▸ **Aim of the task**:
The answer must be an exact copy of the lines from the one containing "Juice Long Stay Nail Polish Bundle" through the last line of the records, with the pictures left out.

Captioned web image data:
####################

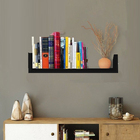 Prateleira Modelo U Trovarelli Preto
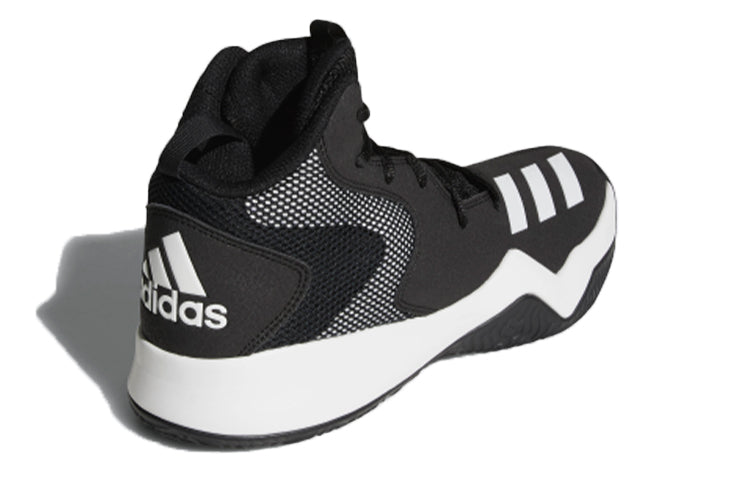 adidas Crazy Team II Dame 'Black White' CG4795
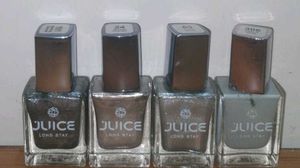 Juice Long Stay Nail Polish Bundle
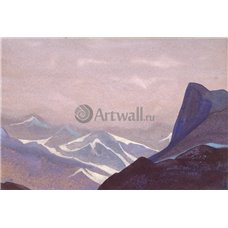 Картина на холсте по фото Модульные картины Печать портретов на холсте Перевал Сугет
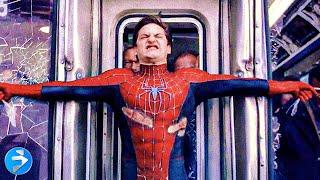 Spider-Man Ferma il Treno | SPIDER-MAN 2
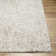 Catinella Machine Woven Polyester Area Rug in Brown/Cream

####################

▸ **Exercise response**:
 Juice Long Stay Nail Polish Bundle
 Картина на холсте по фото Модульные картины Печать портретов на холсте Перевал Сугет
 Spider-Man Ferma il Treno | SPIDER-MAN 2
 Catinella Machine Woven Polyester Area Rug in Brown/Cream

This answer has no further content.